* [Assignment]:
Skip the images; return every entry exactly.

* [Material for the task]:
══════════

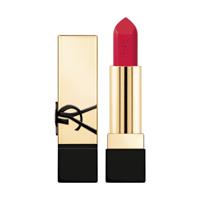 Yves Saint Laurent Rouge Pur Couture Lipstick R11 Rouge Éros 3,8gr Yves Saint Laurent Rouge Pur Couture Lipstick R11 Rouge Éros 3,8gr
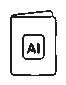 icon-magna-box-user-guide-ai-card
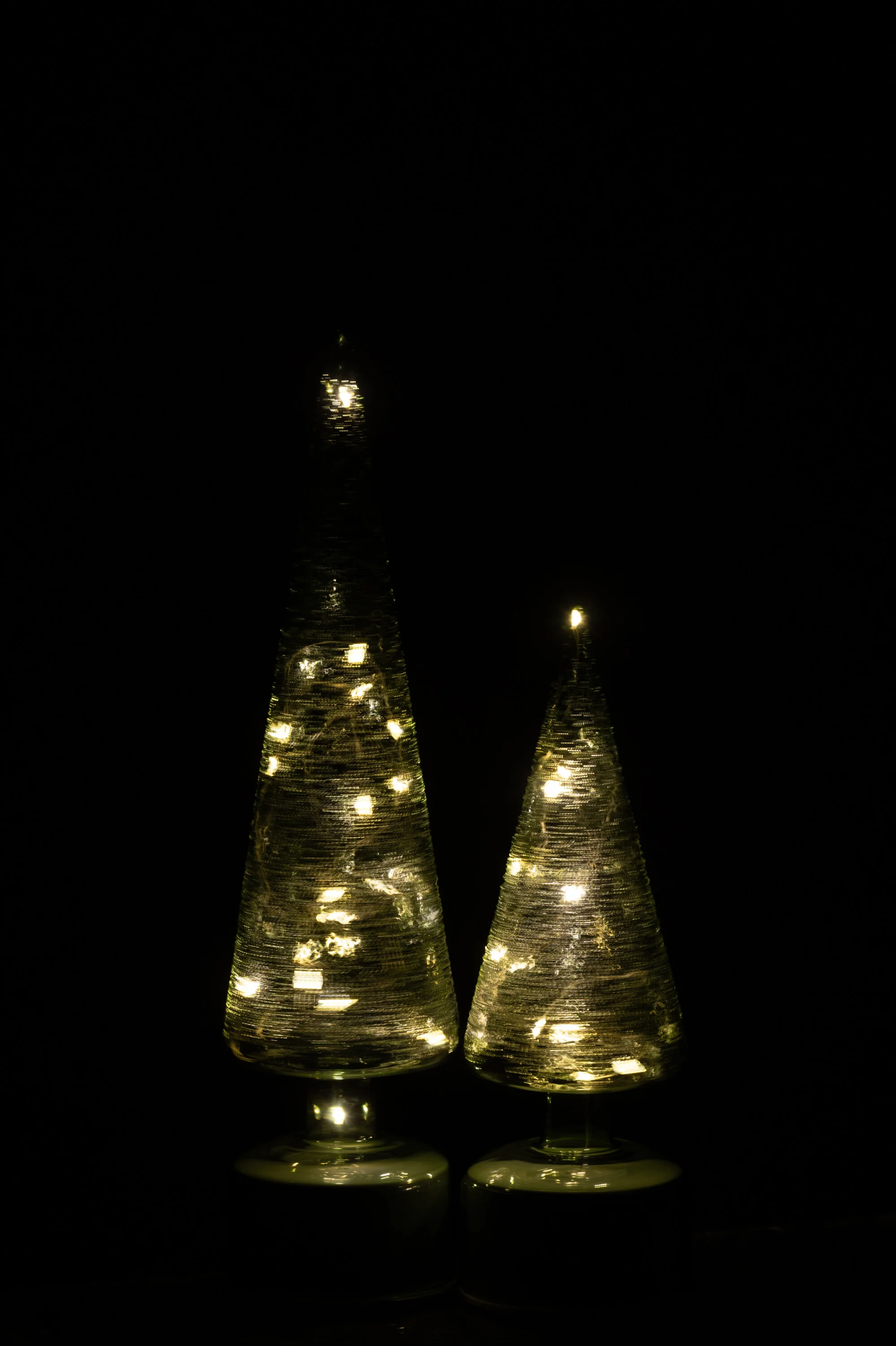 Miniatuur 5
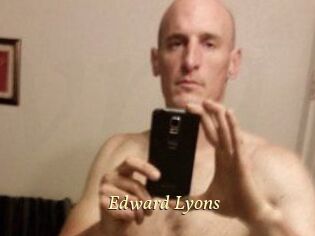 Edward_Lyons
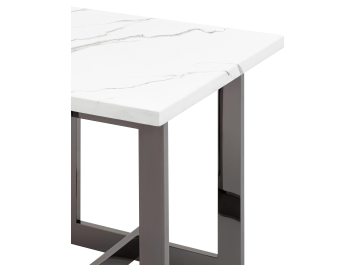 Журнальный столик Стигма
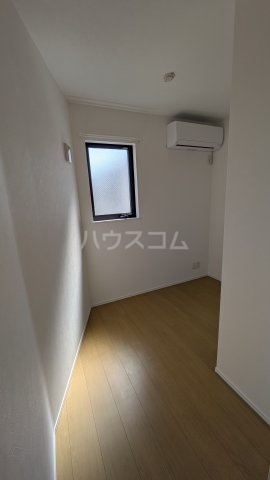 3/28 リビング/ダイニング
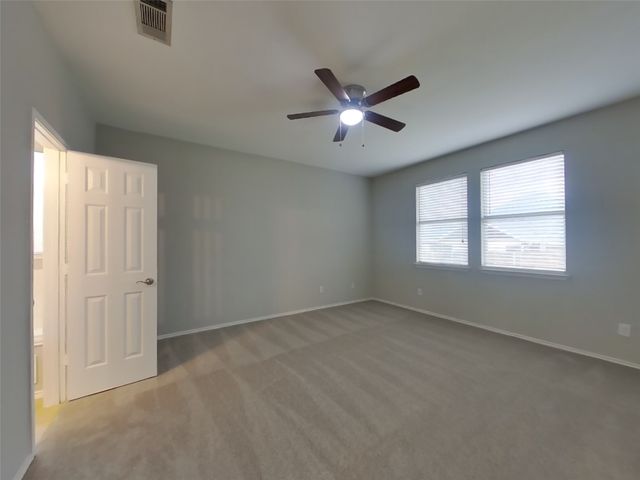 3413 Fashion Street, Little Elm, TX 75068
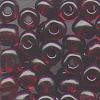 CRYSTAL RED 6/0 500G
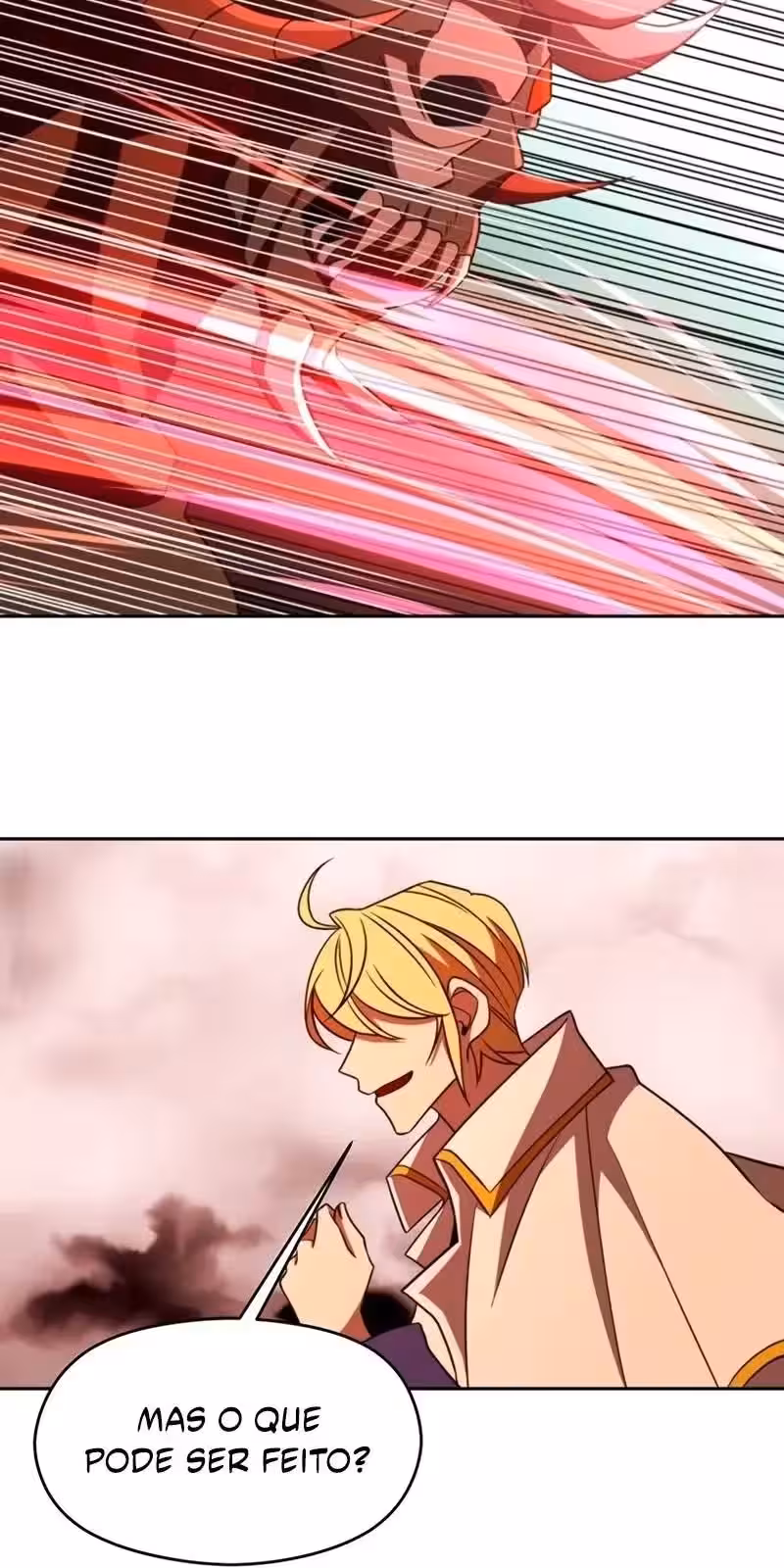 Página do Capítulo 108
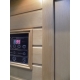 Infrasauna InfraMar 3001 (Bazar)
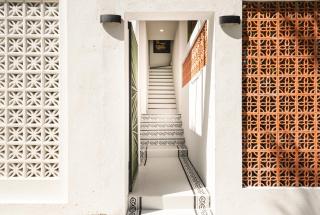 Pine Beach apartment - 8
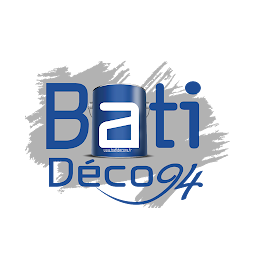 Photo n°10 de BATI DECO 94 GAGNY - Grossiste en peinture et revêtement de sol à Gagny (Magasin de papiers peints)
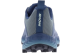 Inov-8 MudTalon (001145-SBNY-P-001) blau 2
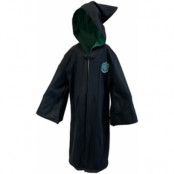 Harry Potter Slytherin Kids Replica Gown X L 13 15years deleted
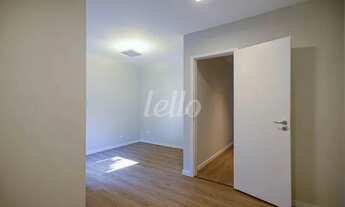 Imagem 7: São Paulo - Casa Padrão - Vila Mariana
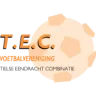 TEC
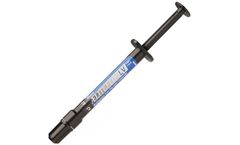 Aeliteflo - Model LV - Radiopaque Low Viscosity Composite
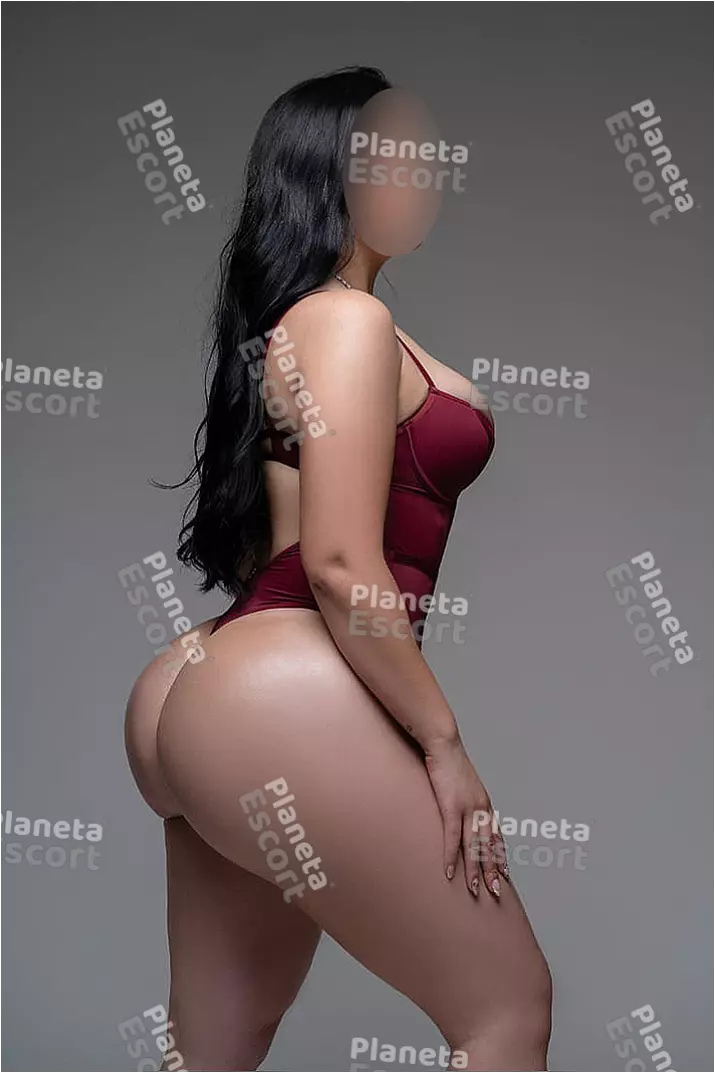 Foto miniatura
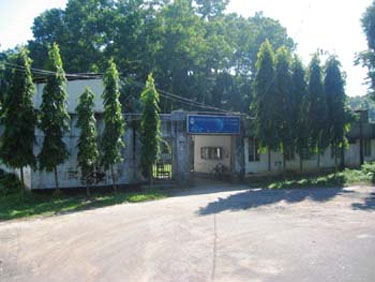 Chittagong University Admission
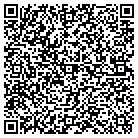 QR code with Lawrence Construction Company contacts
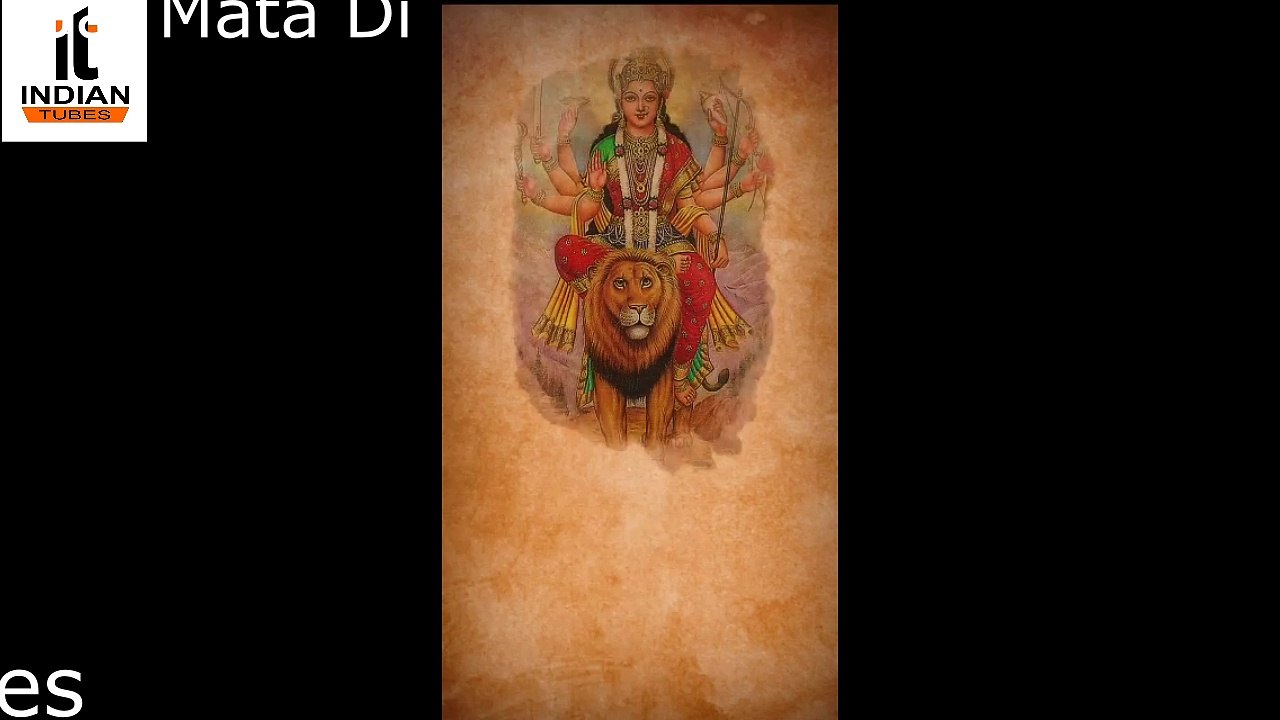 Nine Swarup of Durga Maa ! Navratri Special Whatsapp Status Video ! Greeting ! Wishes ! Happy Navratri Video 2018 ! Indian Tubes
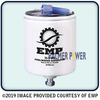 ENGINEERED Marine Products (EMP) 35-37806 Filter, Fuel Water Separator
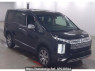 Used 2022 AT mitsubishi delica-d5 CV1W Image[0]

══════════

* [Exercise answer]:
 Yves Saint Laurent Rouge Pur Couture Lipstick R11 Rouge Éros 3,8gr Yves Saint Laurent Rouge Pur Couture Lipstick R11 Rouge Éros 3,8gr
 icon-magna-box-user-guide-ai-card
 Miniatuur 5
 Edward_Lyons
 Журнальный столик Стигма
 3/28 リビング/ダイニング
 3413 Fashion Street, Little Elm, TX 75068
 CRYSTAL RED 6/0 500G
 Página do Capítulo 108
 Infrasauna InfraMar 3001 (Bazar)
 Pine Beach apartment - 8
 Photo n°10 de BATI DECO 94 GAGNY - Grossiste en peinture et revêtement de sol à Gagny (Magasin de papiers peints)
 Inov-8 MudTalon (001145-SBNY-P-001) blau 2
 Harry Potter Slytherin Kids Replica Gown X L 13 15years deleted
 Imagem 7: São Paulo - Casa Padrão - Vila Mariana
 TEC
 Aeliteflo - Model LV - Radiopaque Low Viscosity Composite
 Foto miniatura
 Chittagong University Admission
 QR code with Lawrence Construction Company contacts
 Nine Swarup of Durga Maa ! Navratri Special Whatsapp Status Video ! Greeting ! Wishes ! Happy Navratri Video 2018 ! Indian Tubes
 ENGINEERED Marine Products (EMP) 35-37806 Filter, Fuel Water Separator
 Used 2022 AT mitsubishi delica-d5 CV1W Image[0]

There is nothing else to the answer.